There was significant correlation between ADC value and cell density in both squamous cell carcinoma (r = −0.85, P = 0.004) and adenocarcinoma without mucus production (r = −0.57, P = 0.002). The accurate diagnosis rate of squamous carcinomas was 100% (9/9), which was non-significantly higher than that [82% (22/27)] of adenocarcinomas without mucus (P = 0.21). Significant difference was found in mean ADC value (0.98 × 10−3 mm2/s vs. 1.08 × 10−3 mm2/s, P = 0.04) and mean cell density (373 vs. 287, P = 0.003) between them. All five malignant tumors with mucus could not be accurately diagnosed as malignancy according to optimal cut-off value. There was no significant difference in mean cell density between malignant tumors with mucus and adenocarcinoma without mucus (275 vs. 287, P = 0.69) or between malignant tumors with mucus and squamous carcinoma (275 vs. 373, P = 0.11). Figures 2–4 show representative cases of squamous carcinoma, mucinous adenocarcinoma and adenocarcinoma without mucus, respectively.
The ADC values and accurate diagnosis rates in different types of benign SPLs are shown in Table 6. There was significant difference in mean ADC value between inflammatory and noninflammatory benign SPLs (P = 0.001). The accurate diagnosis rate for noninflammatory benign SPLs was 100% (6/6). Because of the small sample size, we did not explore the association between ADC value and single histopathological parameter in benign subgroups.
Associations between ADC value and multiple histopathological parameters in SPLs was analyzed in this imaging-histopathological comparison study. We found that cell density and presence of mucus were independently correlated with ADC value in malignant SPLs, but NCR, necrotic fraction and grade of differentiation were not. There was no significant association between ADC value and histopathological parameters in benign SPLs.

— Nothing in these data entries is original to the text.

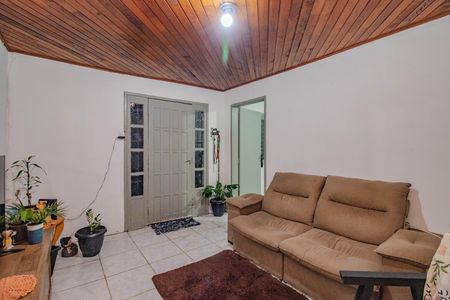 Casa à venda com 90m², 3 quartos e 5 vagasSala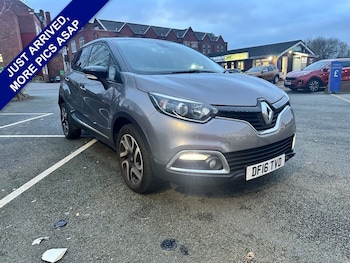 2016 (16) - 0.9 TCE 90 Dynamique S Nav 5dr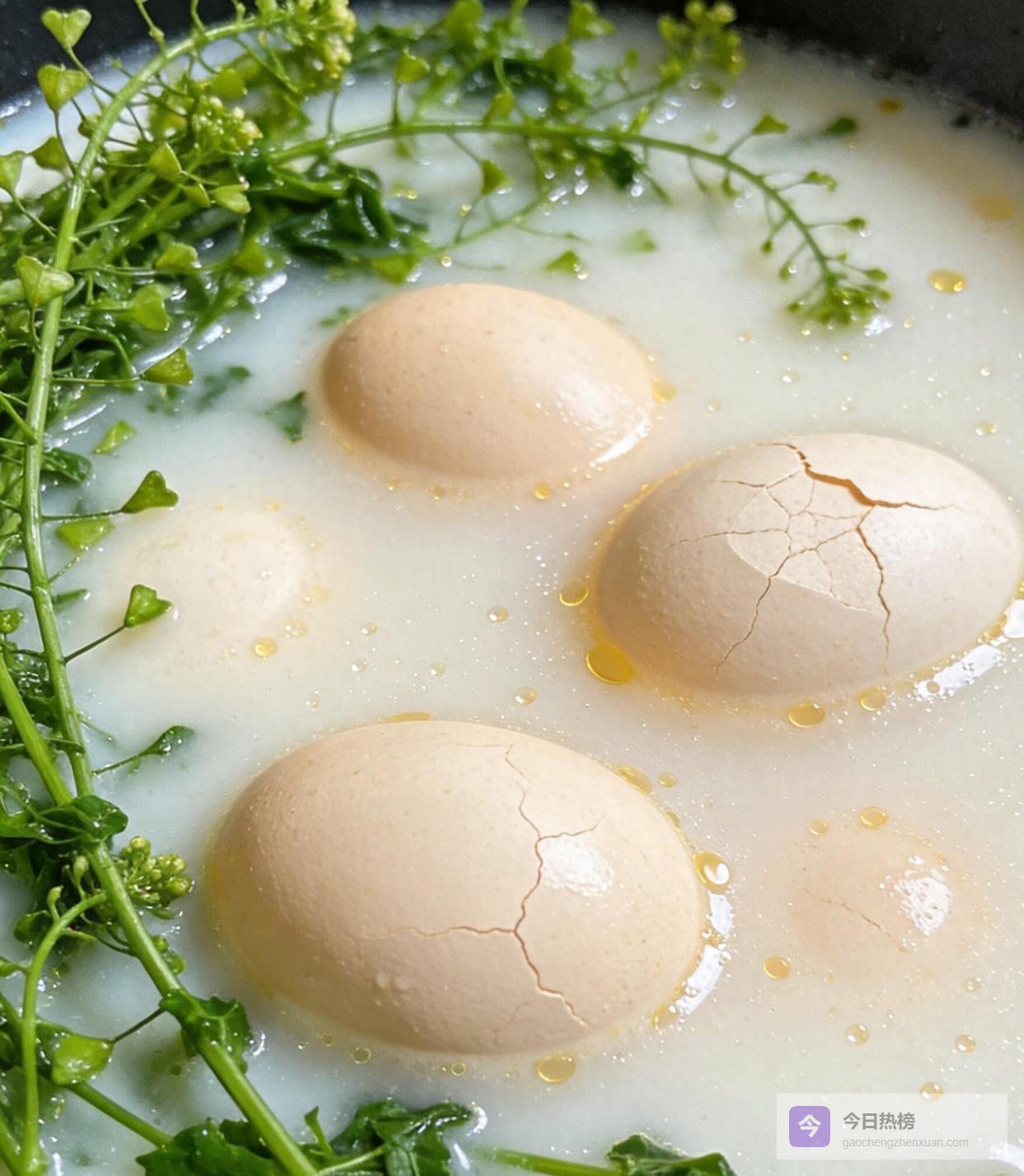 清明前后，强肝菜要使劲吃！助睡眠，清肝火，一觉睡到大天亮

ADC values from malignant SPLs with mucus or adenocarcinomas with low cell density were overlapping with ADC values from benign SPLs, which could induce false negative diagnosis.
Water diffusion in biological tissue is complicated and highly dependent on the ratio of extracellular to intracellular space, which can be reflected by cell density and NCR. Increasing cell density will decrease the extracellular space, and result in restriction of water diffusion in extracellular space. Increasing NCR may increase water diffusion in intracellular space, since intranuclear water has a higher diffusion coefficient than cytoplasmic water23. However, tumors with high NCR also tend to have a small amount of extracellular space. Chen et al.21 reported a negative correlation between NCR and ADC value in lung cancer. Our result indicated that confounding effect existed and water diffusion in intracellular space was likely less important in determining ADC value. In contrast, ADC value was independently affected by fraction of extracellular space as quantified by cell density. Apart from malignant SPLs, significantly negative correlation between ADC value and cell density was also found in other tumors24,25,26 and in vitro cultured cells27.

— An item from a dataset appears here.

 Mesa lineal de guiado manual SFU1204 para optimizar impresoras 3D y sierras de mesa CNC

Animal studies24,28,29,30 in other tumors showed that presence of necrosis could reduce cell density and increase water diffusion. Usuda et al.31 reported contrary result in 63 patients with primary non-small cell lung cancer, however, such analysis is weak if necrosis is not independently correlated with water diffusion. In our study, only positive correlation was found in a small number of squamous carcinoma with no statistical significance. Lyng et al.24 suggested that necrotic regions should be comparable to or larger than voxel size of DWI so that partial volume effects could be avoided. In our histopathological analysis, necrotic regions with small size (mostly less than 2 × 2 mm size) was distributed diffusely in most (8 of 9) included squamous carcinomas, which may lead to non-significant result in correlation analysis.
Presence of mucus was another independently correlated parameter with water diffusion. To the best of our knowledge, only three studies reported the effect of mucus on ADC value in malignant SPLs31,32,33, and one study with more samples showed statistical significance32. Contrary to the result of several prior studies18,19,20,22, the present results failed to show correlation between grade of lung cancer and ADC value. Significant correlation between grade of differentiation and cell density as reported by Liu et al.22 might give some explanation to grade of differentiation as confounding parameter.

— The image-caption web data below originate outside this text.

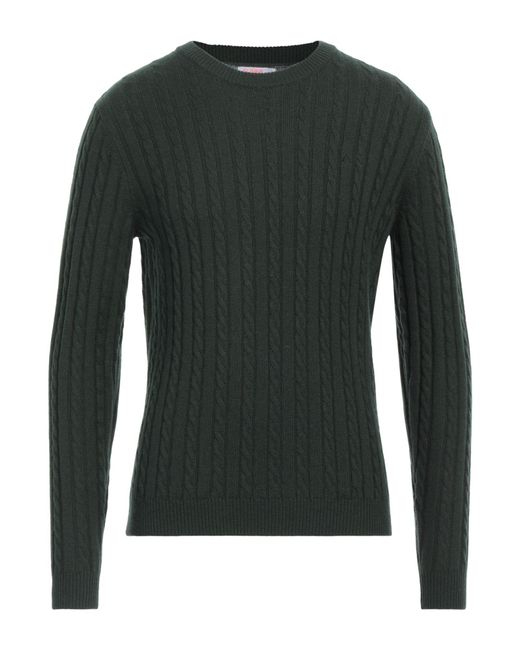 Pullover Sun 68 de hombre de color Green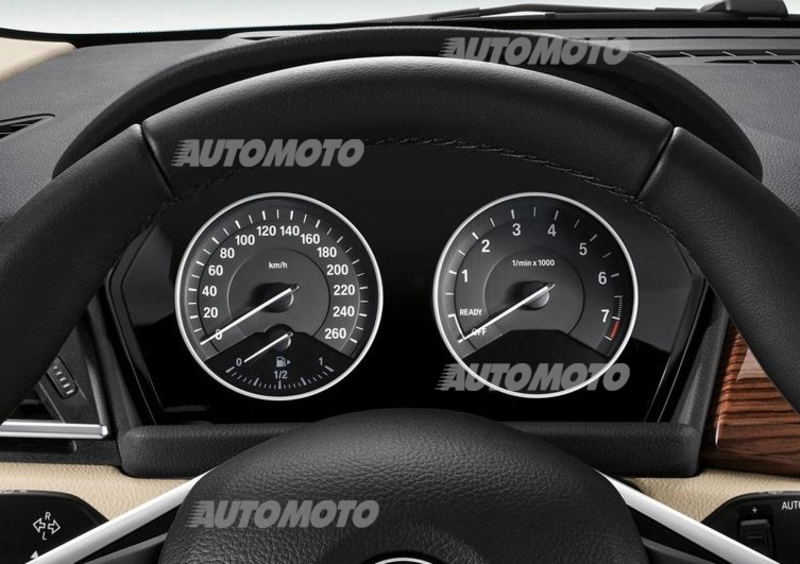 BMW Serie 2 Active Tourer (2014-22) (44)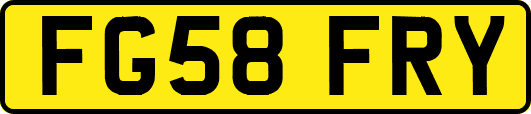 FG58FRY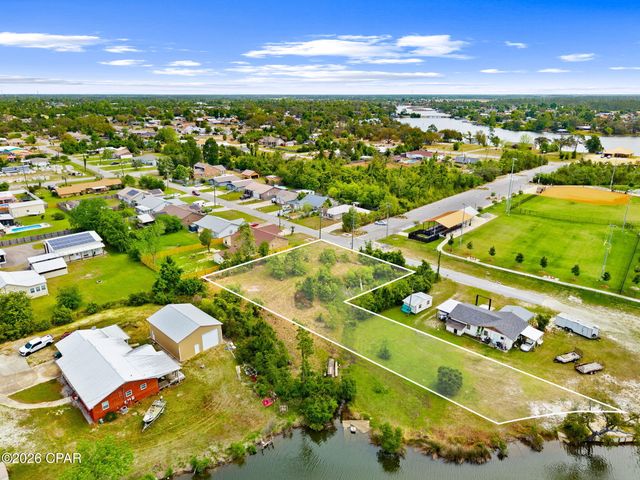 424 Viola Avenue, Panama City, FL 32404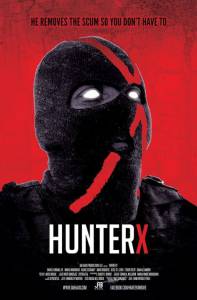 HunterX (2015)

In terms of the diagnostic capability of ADC value in benign SPLs, we found that it was better in noninflammatory SPLs than in inflammatory SPLs which maybe caused by the overlap of ADC value between active inflammatory lesions and malignant lesions. Ciet et al.34 reported that ADC value of inflammatory lesion significantly increased after intravenous antibiotic treatment compared with baseline in patients with cystic fibrosis admitted for respiratory tract exacerbations treatment.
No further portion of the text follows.